Personally, I’m doubtful the risks are all that great. If they were, there would be incessant media reports and lawyers would be advertising their services to popcorn victims.
I’ve found only one case of this happening. According to an October 2012 article released by Huffington Post, a 59-year-old Colorado man was awarded $7.2 million from three microwave-popcorn manufacturers for “popcorn lung.”
About seven years ago, Orville Redenbacher, Act II, Pop Secret and Jolly Time claimed they were removing diacetyl from their butter-flavored popcorn. However, Huffington’s 2012 article says there’s really no way for consumers to verify they removed it because the Food and Drug Administration doesn’t require manufacturers to list diacetyl as a product ingredient. And even if they did, is there evidence that whatever they switched to isn’t just as bad or worse?
I reckon if you’re a big popcorn eater, you’re eating it at your own risk, which is odd, given that so many folks now eat popcorn for its health benefits.

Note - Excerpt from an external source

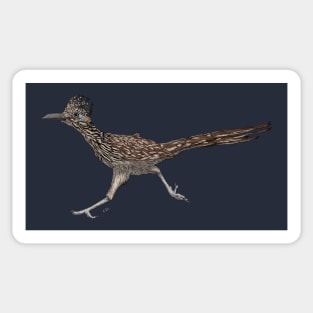 Roadrunner Sticker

But then, I doubt they’re eating the butter-flavored stuff. They’re eating popcorn to resist the urge to chomp down a triple-decker bacon cheeseburger dripping with ketchup, mustard and mayo.
One way I avoid the diacetyl-laced popcorn by is eating a kids’ snack called Cracker Jack. According to crackerjackcollectors.com, the 118-year-old caramel-coated popcorn and peanuts were introduced in 1896 by Luis Rueckheim. Cracker Jack was the only sweet snack Papa would let me have whenever I spent the weekend helping him on his farm in Meigs, Georgia. That’s because he enjoyed Cracker Jack as much as I did, if not more.

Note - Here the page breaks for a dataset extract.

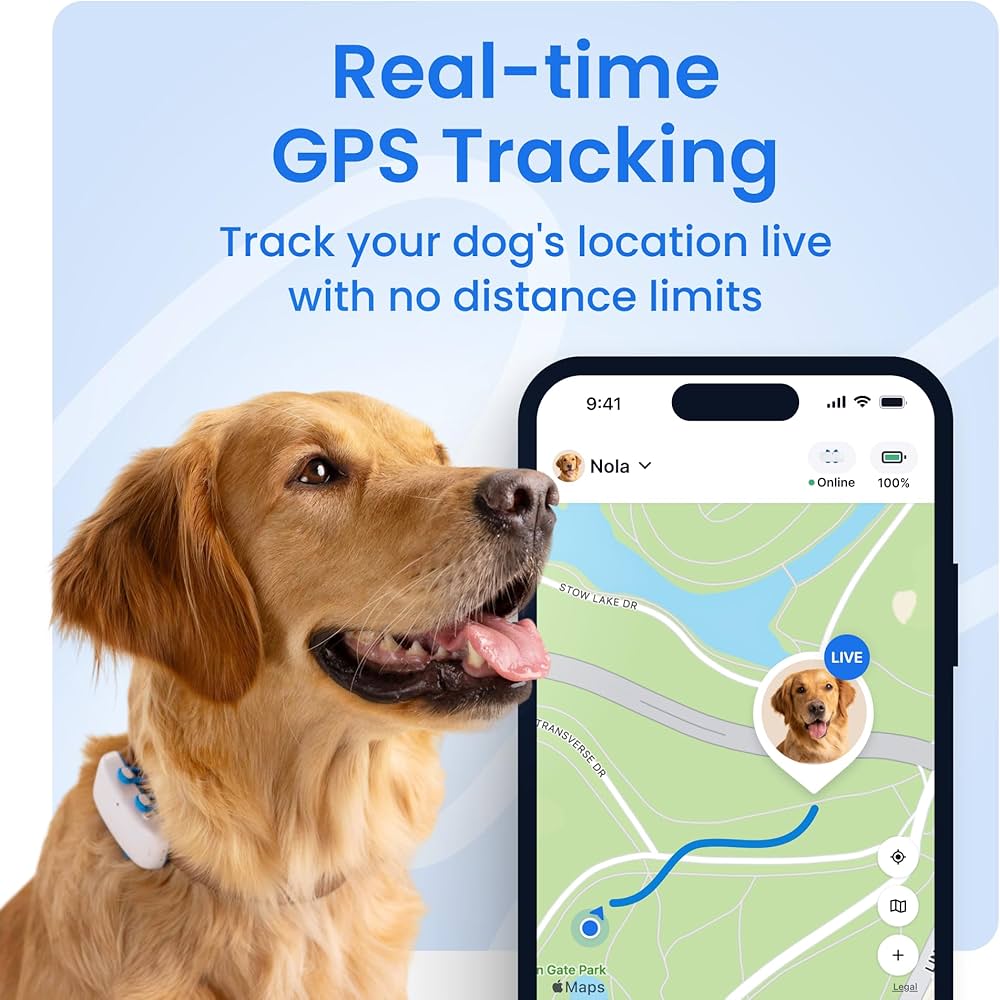 GPS Tracker për Qentë Tractive me Monitorim Aktiviteti — foto 2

Despite the risk of artificially flavored varieties, popcorn’s popularity has spread beyond the theater. It’s not just for movies anymore, and I’m not just talking about using it as an edible Christmas ornament. We can enjoy popcorn any time of day while doing any activity or nothing at all.
Last year, my wife bought an old-fashioned popcorn maker that produces really great popcorn. To avoid diacetyl, she melts a stick of real butter in a pan and then drizzles it over our still-steaming, freshly popped and lightly salted corn. The butter? Well, it’s healthier than diacetyl.
Watching Bugs Bunny, Road Runner or Droopy cartoons with my grandkids is so much butter — I mean, better — now. It’s hard to find a kid who doesn’t like popcorn. Some of it makes it to their mouths, though most ends up between the couch seats or on the floor.
Yeah, I know eating popcorn while watching cartoons is sorta like the original use of popcorn, but it’s much cheaper than the movie theater stuff. And I can pause the DVD and go back for seconds without missing anything.